In their rehearing motion, the Coles urged that the Texas Supreme Court had decided Subaru while their suit was pending and that "[i]n light of Subaru . . . and the broad language of Section 2301.204 of the Occupations Code, it was prudent, if not mandatory, for the Complainant to attempt to invoke the jurisdiction of the Board pursuant to section 204 prior to trying the pending District Court case." The Board unanimously agreed, granting the Coles' rehearing motion and remanding the matter to the ALJ. Subsequently, the Board gave notice of hearing "under the authority of the Texas Occupations Code Annotated, Section 2301.204 . . . for the purpose of receiving testimony and other evidence from the parties, to determine whether the Respondent[s] ha[ve] failed to conform the Complainant's vehicle to the express warranty applicable to said vehicle by failing to repair or correct defects or conditions which are covered by the warranty on the vehicle, as alleged by Complainant, and to determine if Complainant is entitled to relief as provided by . . . Section 2301.204."
Pursuant to the notice, a contested case hearing was held in which the Coles presented evidence (including the testimony of two experts) and argued that they "have satisfied their burden to win this case. They have shown that defects exist, that they told the Respondents about the defects but that the Respondents failed to repair the defects. So, the Coles should prevail." (3) The ALJ concluded that there had been no warranty violations by the respondents. The ALJ specifically found that Georgie Boy's express warranty had expired in 1995, that the company had not failed to uphold its warranty obligations, and that "[t]he requirements of Section 2301.204 were not met because the Complainants have not proven that any manufacturing related defective conditions currently exist." The Coles moved for rehearing, which the Board denied by a 6-2 vote. The Coles then sought judicial review in the district court. This district court affirmed the Board's order. This appeal followed.
The Coles acknowledge that they are appealing the Board's decision "solely to ensure that the Board's arbitrary and capricious actions [do] not prejudice" the pending lawsuit in Hays County under Subaru. At this juncture, they attempt to portray the Board proceeding they initiated as a "public interest" complaint that the Board had authority only to "investigate" in its "administrative" capacity. According to the Coles, the Board had statutory authority or jurisdiction during this investigation merely to call them as witnesses, but could not act in a "judicial capacity" to adjudicate their complaint, treat them as parties to a contested case or "adversarial action," or make findings and rulings "against" them.

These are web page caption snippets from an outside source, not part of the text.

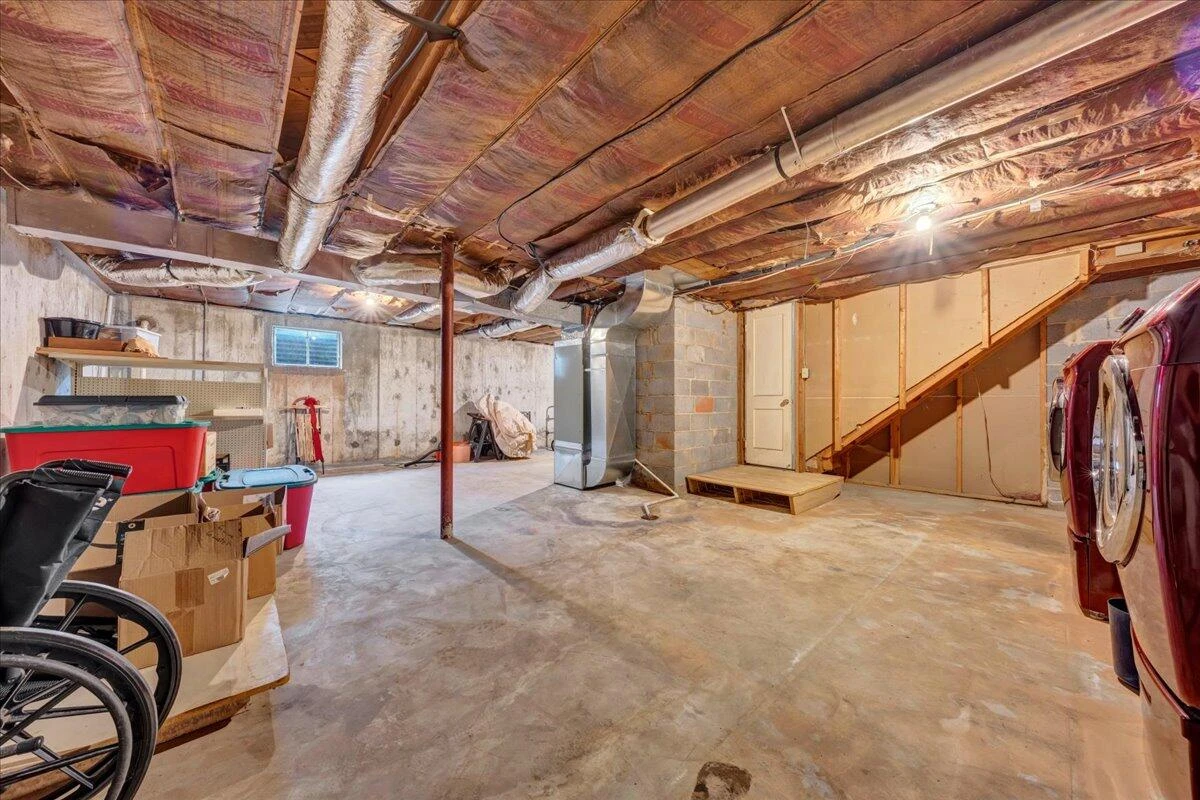 1544 Newton CIR - Photo 31
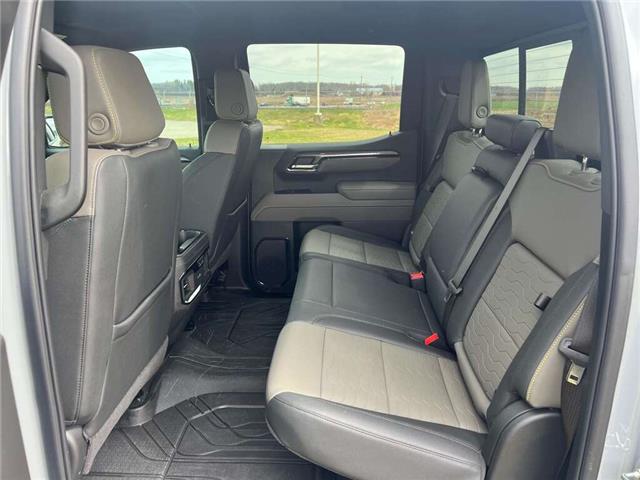 2025 Chevrolet Silverado 1500 ZR2 (Stk: 924870) in New Hamburg - Image 13 of 21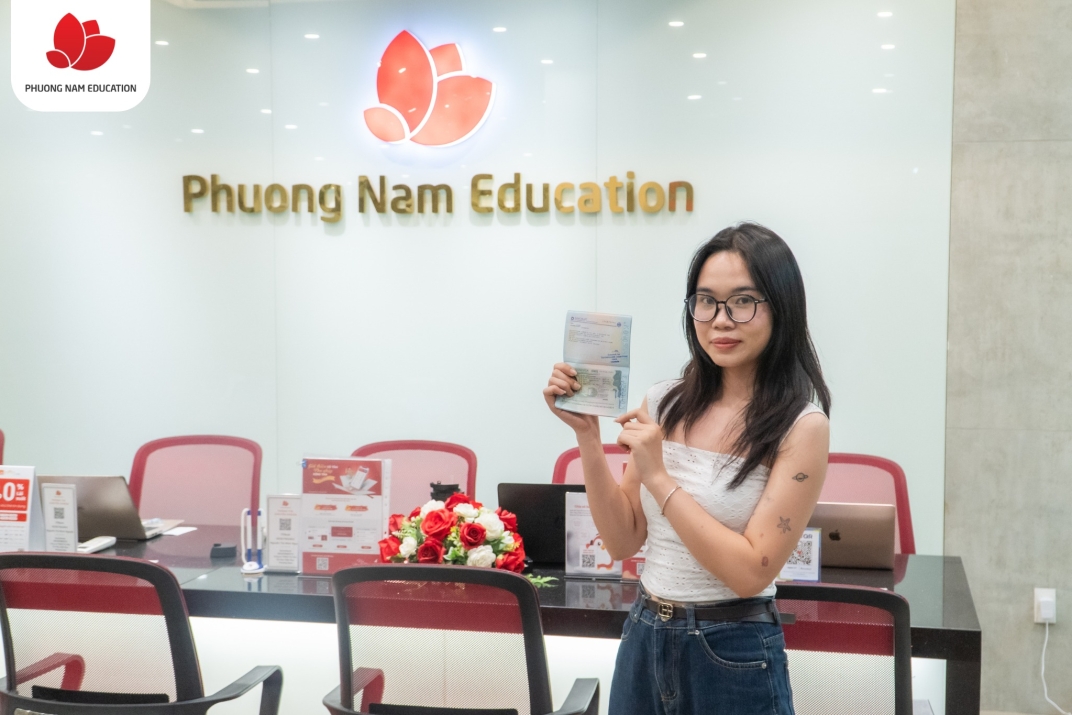 Phuong Nam Education sát cánh cùng bạn Hoàng Thị Thủy trước giờ khởi hành chuyến bay du học nghề Đức ngành Điều dưỡng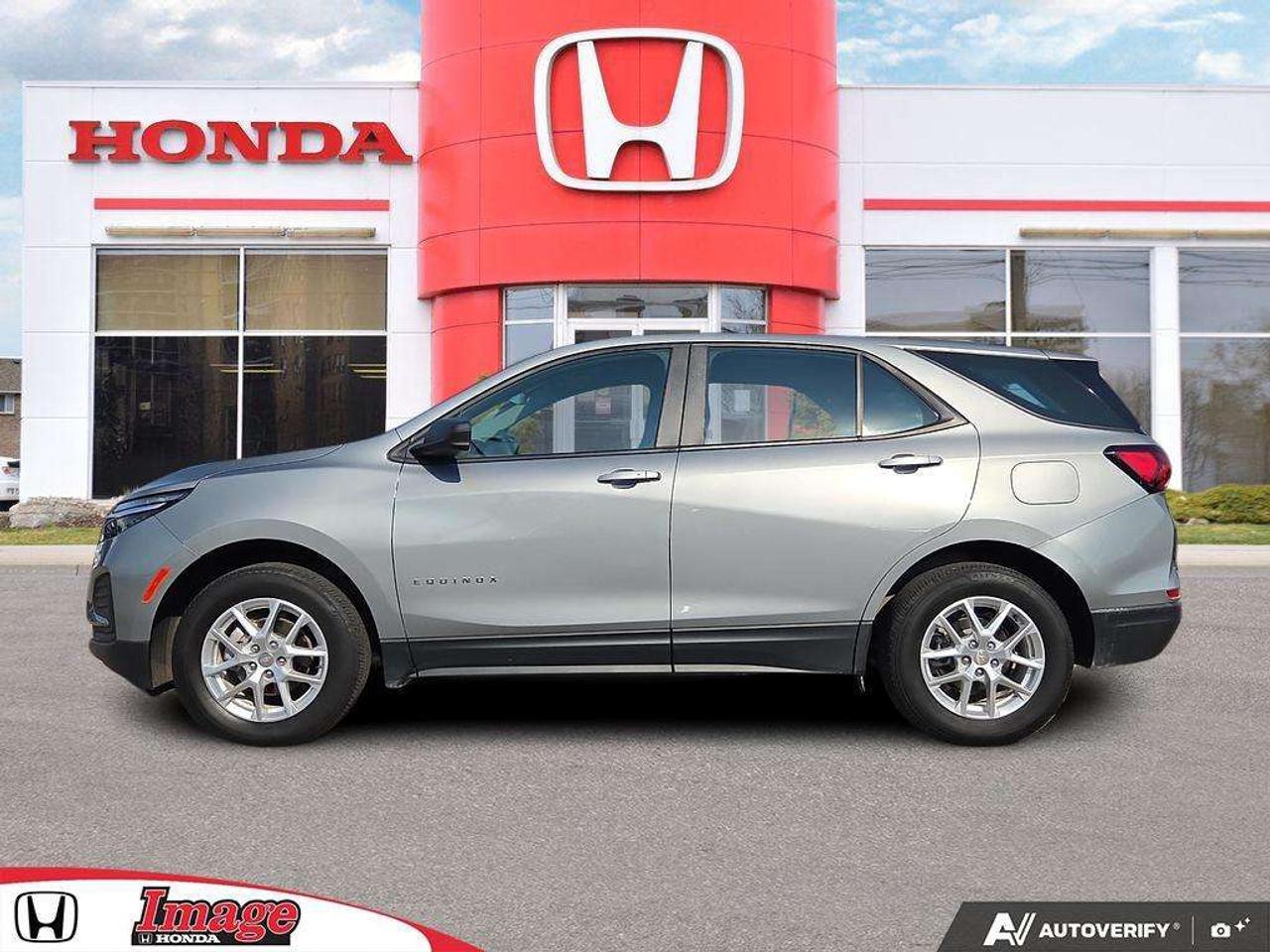 2024 Chevrolet Equinox LS AWD   WELL MAINTAINED   OFF LEASE   NO CLAIMS Photo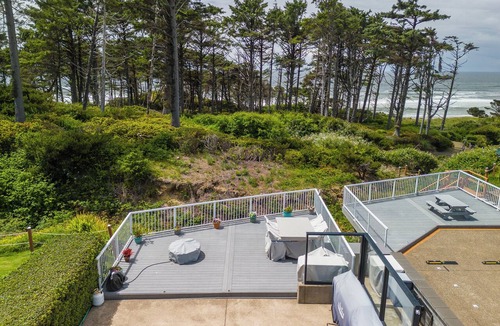 Agate Beach RV Rental | Dog Friendly, Available with 50AMP, 30AMP, Water and Sewer hook up's, WiFi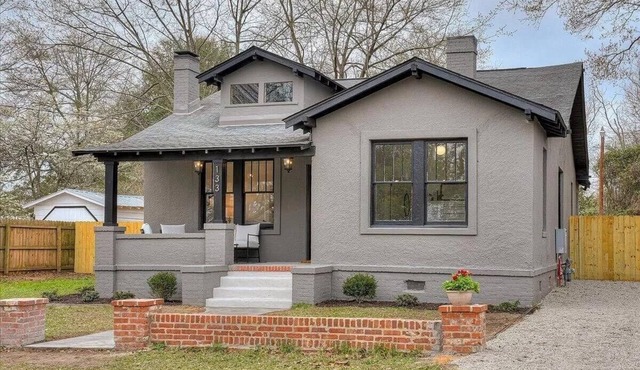 Historic charm near downtown/Bruce's Field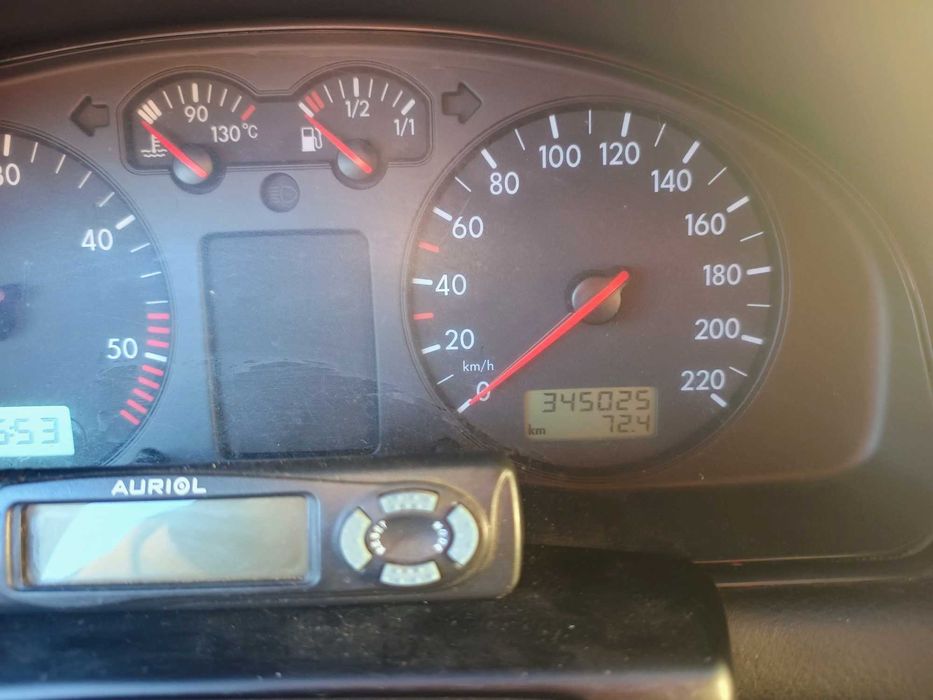 WV Passat B5 1.9 TDI 1999r oryginalny przebieg, garażowany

On appeal, the Coles question whether their lawsuit presents code-based issues whose determination by the Board would have binding effect under Subaru. As the Coles acknowledged in their first motion for rehearing before the Board, however, their warranty complaints clearly present code-based issues within the Board's exclusive jurisdiction. See Tex. Occ. Code Ann. §§ 2301.204, .601-.613; see Subaru, 84 S.W.3d at 222-26.
As we have previously observed, "[e]xactly what type of procedure the Texas Supreme Court contemplated in Butnaru and Subaru" that the Board would use in the hybrid claims-resolution process "remains somewhat unclear," Ford Motor Co. v. Butnaru, 157 S.W.3d 142, 148 (Tex. App.--Austin 2005, no pet.), but it remains that the Board has exclusive jurisdiction within this scheme to decide code-based issues. See Buddy Gregg Motor Homes, Inc. v. Motor Vehicle Bd. of Tex. Dep't of Transp., 156 S.W.3d 91, 102 (Tex. App.--Austin 2004, pet. denied). Moreover, "the legislature has granted the Board wide discretion to fashion the procedural mechanisms through which it exercises its jurisdiction." Id. For example, in Buddy Gregg, another Subaru case, we held that the Board had discretion under its enforcement powers to permit a motor coach dealer to initiate a contested case proceeding to determine licensing issues involving a rival company and to permit the dealer to participate in those proceedings as a party. Id. at 101-02.
Throughout each step of the agency proceedings, the Coles participated as parties in an adversarial, contested-case process, presenting evidence and arguing that they had "satisfied their burden to win this case." Such a process was contemplated by the Board's rules governing complaints regarding warranty performance obligations. 16 Tex. Admin. Code §§ 107.1-.11 (2004). The Coles did not complain of this procedure until they filed their motion for rehearing before the Board. Under Subaru and Buddy Gregg, we reject the Coles' arguments that the Board lacked statutory authority or jurisdiction to adjudicate their code-based warranty issues through the procedure it utilized. We accordingly overrule the Coles' issues (4) and affirm the district court's judgment.
____________________________________________
Bob Pemberton, Justice
Before Chief Justice Law, Justices Patterson and Pemberton
Affirmed
Filed: June 18, 2008
1. Because most of the underlying proceedings predated the legislature's 2005 abolition of the Board and transfer of its functions to the motor vehicle division of the department of transportation, we will refer to the agency as the Board. See Act of May 30, 2005, 79th Leg., R.S., ch. 281, § 7.01, sec. 2301.002(2), (10), 2005 Tex. Gen. Laws 778, 839.
2. The Coles' letter actually referenced "Section 2.04 of the Motor Vehicle Commission Code." The Coles acknowledge that, as is apparent from their subsequent filings, they intended to invoke section 2301.204 of the occupations code. Tex. Occ. Code Ann. § 2301.204(a) (West 2004).
Section 2310.204 provides:
§ 2301.204. COMPLAINT CONCERNING VEHICLE DEFECT.
(a) The owner of a motor vehicle or the owner's designated agent may make a complaint concerning a defect in a motor vehicle that is covered by a manufacturer's, converter's, or distributor's warranty agreement applicable to the vehicle.
(b) The complaint must be made in writing to the applicable dealer, manufacturer, converter, or distributor and must specify each defect in the vehicle that is covered by the warranty.
(c) The owner may also invoke the board's jurisdiction by sending a copy of the complaint to the board.
(d) A hearing may be scheduled on any complaint made under this section that is not privately resolved between the owner and the dealer, manufacturer, converter, or distributor.
3. Complainants' Closing Argument, at 2.
4. In addition to their two issues, the Coles assert in their statement of facts that "[t]he Manufacturers . . . failed to provide substantial evidence." To the extent the Coles intend this as a challenge to whether substantial evidence supports the Board's order, we agree with the Board that the Coles have waived it by failing to identify any specific findings of fact or conclusions of law they contend are not supported by the evidence. See Helle v. Hightower, 735 S.W.2d 650, 654 (Tex. App.--Austin 1987, writ denied).